Exercise description: Copy the listing that follows exactly. Its pictures do not belong in the copy.

Provided material:
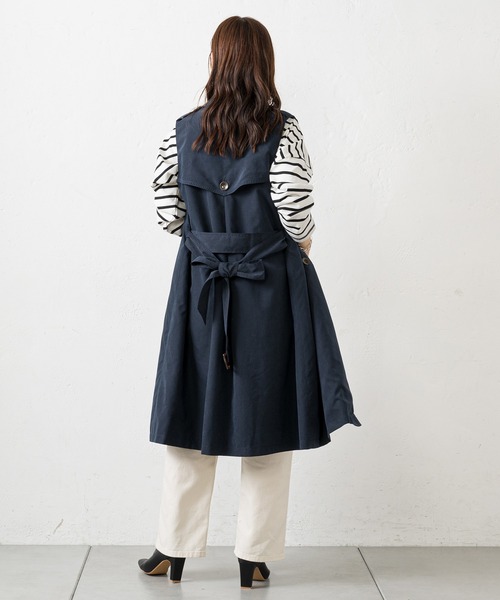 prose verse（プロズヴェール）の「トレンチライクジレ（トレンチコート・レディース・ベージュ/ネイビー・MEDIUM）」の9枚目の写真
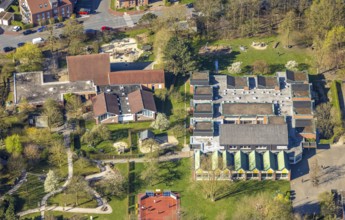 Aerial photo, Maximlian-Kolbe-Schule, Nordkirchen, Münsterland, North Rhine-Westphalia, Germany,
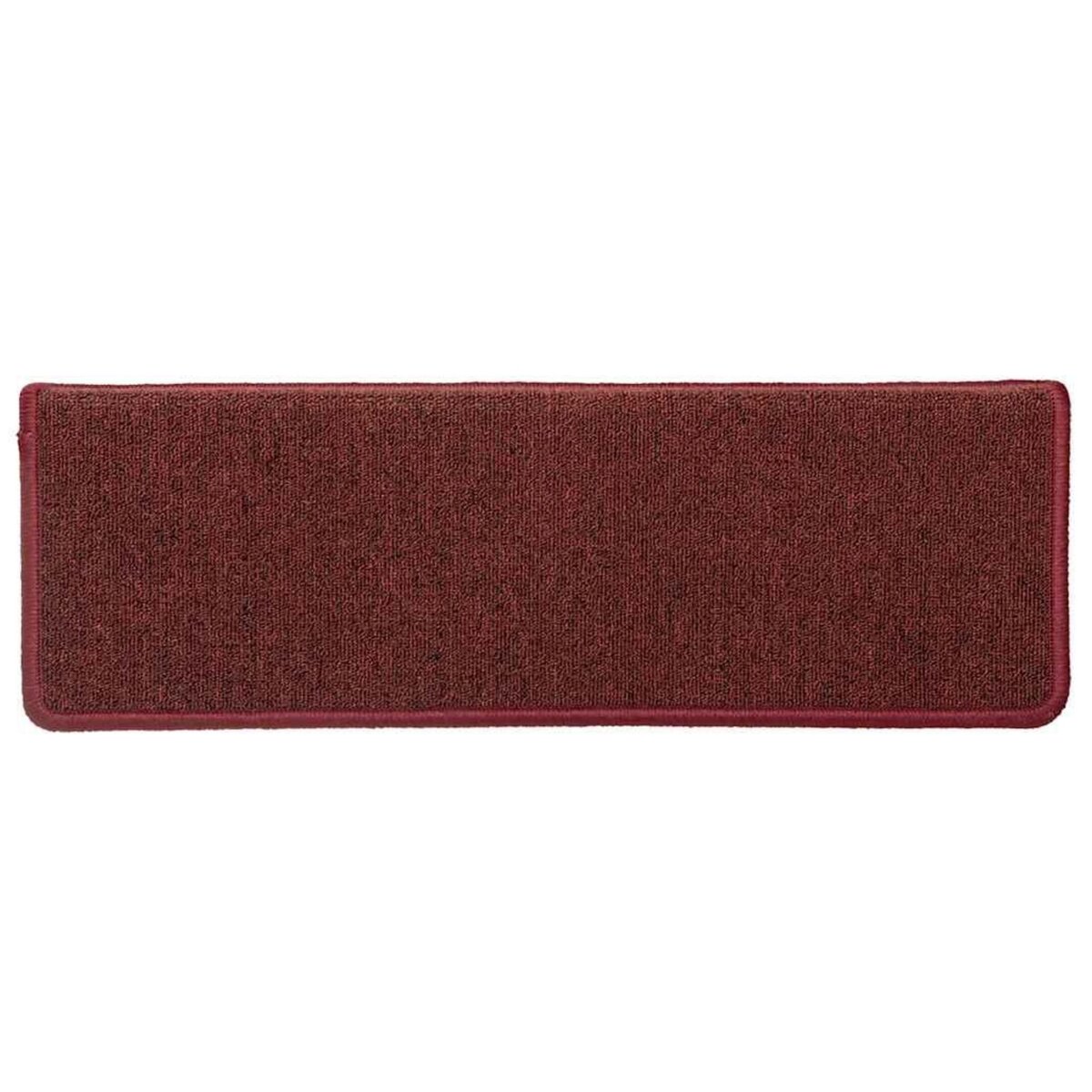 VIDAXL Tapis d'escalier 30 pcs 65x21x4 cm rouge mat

Response to the exercise:
 prose verse（プロズヴェール）の「トレンチライクジレ（トレンチコート・レディース・ベージュ/ネイビー・MEDIUM）」の9枚目の写真
 Aerial photo, Maximlian-Kolbe-Schule, Nordkirchen, Münsterland, North Rhine-Westphalia, Germany,
 VIDAXL Tapis d'escalier 30 pcs 65x21x4 cm rouge mat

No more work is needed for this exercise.